Confocal Laser Endomicroscopy Examination

Prior to CLE (CellVizio Dual Band, Mauna Kea Technologies, France) examination, the mice colon vasculature was stained via intravenous injection with $100\mu \mathrm{L}$ 2% weight/volume Evans blue (MedChemExpress). Subsequently, $100\mu \mathrm{L}$ of 0.05% weight/volume acriflavine (Sigma-Aldrich) was administered topically for mucosa cell staining.²³ Approximately 15 to 20 min after administering the dyes, CLE was performed by placing a fiber optic probe against the distal colon mucosa of each mouse. The CellVizio laser was used for confocal imaging; it generates excitation at both 488 and 660 nm and couples a dual-laser beam into the probe with 2.6-mm tip diameter, $1.4\text{-}\mu \mathrm{m}$ lateral resolution, $10\text{-}\mu \mathrm{m}$ optical sectioning, and a $60\text{-}\mu \mathrm{m}$ work distance. A CellVizio Mosaic Toolbox was used to form a bigger FOV by following the probe’s track. We quantified the vessel length, area, and diameter with the CellVizio Vessel Detection Module. The fiber optic probe cleaning procedure was followed in accordance with the manufacturer’s instructions.

2.4.

Fixation and Clearing of Colon Samples

After CLE imaging, the mice were deeply anesthetized and euthanized. Mice colons were removed aseptically, then washed with phosphate-buffered saline (PBS), and fixed with 4% buffered formalin for 24 h at 4°C in the dark. Fixed colons were dehydrated in methanol (Beijing Chemical Works, China) ranging from 25% to 100% (in PBS) for 3 h and left in 100% methanol for 24 h at 25°C. Then, colons were cleared with benzyl alcohol and benzyl benzoate (BABB at a 1:2 volume ratio) solution over 24 h at 25°C.²⁴

2.5.

Light-Sheet Fluorescence Microscopy of Mice Colons

The cleared colons were scanned with a commercial LSFM (LaVision BioTec, Germany). We combined a magnification of $2\times$ with a $2\times$ objective lens (Mv PLAPO 2VC; Olympus) covered with a 6-mm working distance dipping cap.

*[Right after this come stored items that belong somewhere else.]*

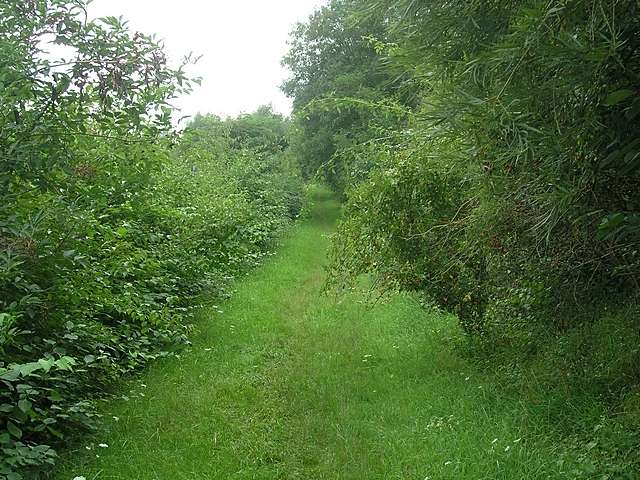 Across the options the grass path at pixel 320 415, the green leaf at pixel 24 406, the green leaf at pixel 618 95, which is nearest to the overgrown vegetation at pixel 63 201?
the green leaf at pixel 24 406

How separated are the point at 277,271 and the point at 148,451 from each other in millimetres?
9278

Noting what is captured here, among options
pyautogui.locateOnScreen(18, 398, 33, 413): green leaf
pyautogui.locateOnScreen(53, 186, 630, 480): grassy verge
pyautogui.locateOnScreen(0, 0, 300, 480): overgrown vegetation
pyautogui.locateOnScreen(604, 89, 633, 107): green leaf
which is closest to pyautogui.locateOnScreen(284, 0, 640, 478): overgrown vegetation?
pyautogui.locateOnScreen(604, 89, 633, 107): green leaf

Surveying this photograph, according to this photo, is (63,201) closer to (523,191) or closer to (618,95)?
(523,191)

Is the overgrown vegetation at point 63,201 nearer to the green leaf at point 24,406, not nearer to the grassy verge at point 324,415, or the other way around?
the green leaf at point 24,406

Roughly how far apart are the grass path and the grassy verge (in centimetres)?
2

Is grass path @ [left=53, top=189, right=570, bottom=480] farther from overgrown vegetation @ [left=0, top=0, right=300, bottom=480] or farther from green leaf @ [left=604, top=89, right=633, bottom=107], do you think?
green leaf @ [left=604, top=89, right=633, bottom=107]

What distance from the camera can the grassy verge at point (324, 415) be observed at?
4766 millimetres

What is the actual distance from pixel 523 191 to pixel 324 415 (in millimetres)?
3169

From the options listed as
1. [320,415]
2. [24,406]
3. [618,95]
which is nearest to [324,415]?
[320,415]

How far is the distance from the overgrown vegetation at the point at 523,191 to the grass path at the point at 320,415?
575 millimetres

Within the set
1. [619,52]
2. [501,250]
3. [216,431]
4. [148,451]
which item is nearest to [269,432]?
[216,431]

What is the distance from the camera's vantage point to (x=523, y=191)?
13.3ft

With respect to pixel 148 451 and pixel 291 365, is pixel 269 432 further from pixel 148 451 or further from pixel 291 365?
pixel 291 365

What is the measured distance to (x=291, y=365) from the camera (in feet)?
25.6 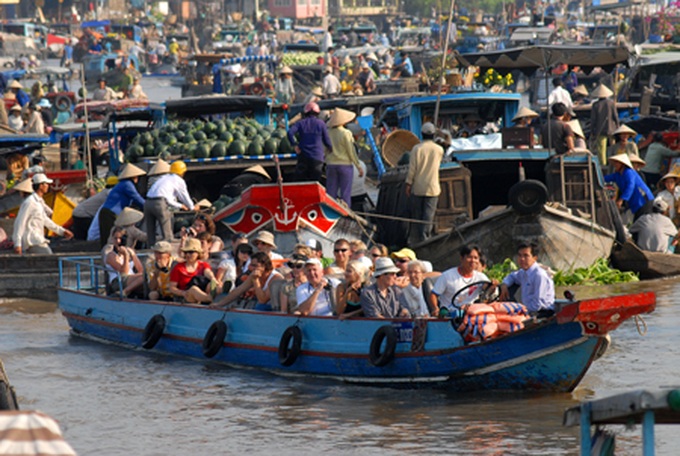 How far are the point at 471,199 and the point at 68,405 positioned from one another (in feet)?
24.4

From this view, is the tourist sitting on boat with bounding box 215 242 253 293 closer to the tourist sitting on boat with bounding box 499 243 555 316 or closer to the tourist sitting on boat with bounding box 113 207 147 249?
the tourist sitting on boat with bounding box 113 207 147 249

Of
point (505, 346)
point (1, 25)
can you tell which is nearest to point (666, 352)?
point (505, 346)

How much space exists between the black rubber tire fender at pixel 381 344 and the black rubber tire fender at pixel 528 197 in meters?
5.07

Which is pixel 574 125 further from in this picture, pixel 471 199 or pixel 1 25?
pixel 1 25

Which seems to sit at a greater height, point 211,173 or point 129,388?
point 211,173

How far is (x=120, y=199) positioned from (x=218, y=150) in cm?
174

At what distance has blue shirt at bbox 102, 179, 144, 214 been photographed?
17.2m

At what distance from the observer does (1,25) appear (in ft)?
247

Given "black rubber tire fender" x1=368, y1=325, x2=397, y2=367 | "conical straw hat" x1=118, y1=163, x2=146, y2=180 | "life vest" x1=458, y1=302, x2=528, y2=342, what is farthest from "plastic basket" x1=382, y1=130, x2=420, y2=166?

We used a supercontinuum white-light laser (SuperK EXTREME 80 MHz VIS with wavelength from 400 to 2400 nm; NKT Photonics, Cologne, Germany) as a laser source. The filters were set as $470/40\mathrm{nm}$ excitation and $525/50\mathrm{nm}$ emission for acriflavine and $640/30\mathrm{nm}$ excitation and $690/50\mathrm{nm}$ emission for Evans blue for the detection of cell morphology and vessels in the samples. The step size was set to $5\mu \mathrm{m}$ and a total range of up to 2 mm for colon transversal scanning. The measurements were performed with 385-ms exposure times per slice, and a total imaging time of $\sim 6\min$ per colon sample. Imaris software (Bitplane, Oxford Instruments Company) was used to generate 3-D reconstructions of the tagged image file format images of the colons.

2.6.

Histological Validations

To validate CLE and LSFM findings, mice colon sections were collected and preserved in 4% buffered formalin for histologic study. The $4\text{-}\mu \mathrm{m}$ coronal sections of paraffin-embedded mouse colons were cut and stained with hematoxylin and eosin (H&E) for histological scoring.²¹

2.7.

Statistical Analysis

Data were represented as $\text{mean}\pm \text{standard deviation}$. Statistical analysis was performed in SPSS (IBM, version 23). The results of the two groups were compared using two-tail student’s $t$-tests. Correlations were analyzed using Pearson’s correlation coefficient (Pearson Product Moment Correlation) and significances were tested using two-tail student’s $t$-tests. The differences with a $p$-value $<0.05$ were considered statistically significant. Here, * denotes $p<0.05$, ** denotes $p<0.01$, and *** denotes $p<0.001$.

3.1.

In Vivo Monitoring of Luminal Changes by MRI

To monitor a transversal colon area for DSS-induced mice, MRI was performed at three and six days after DSS water feeding.²⁵ A significant increased colon lumen area was observed in DSS-induced mice, as measured by T1-weighted imaging [Figs. 2(a)–2(c)]. The cross-colon area was $1.27\pm 0.61{\mathrm{mm}}^2$ in healthy mice and $3.0\pm 0.61{\mathrm{mm}}^2$ ($p<0.01$) and $4.05\pm 0.7{\mathrm{mm}}^2$ ($p<0.05$) in mice with DSS colitis on day three and six, respectively [Fig. 2(d)].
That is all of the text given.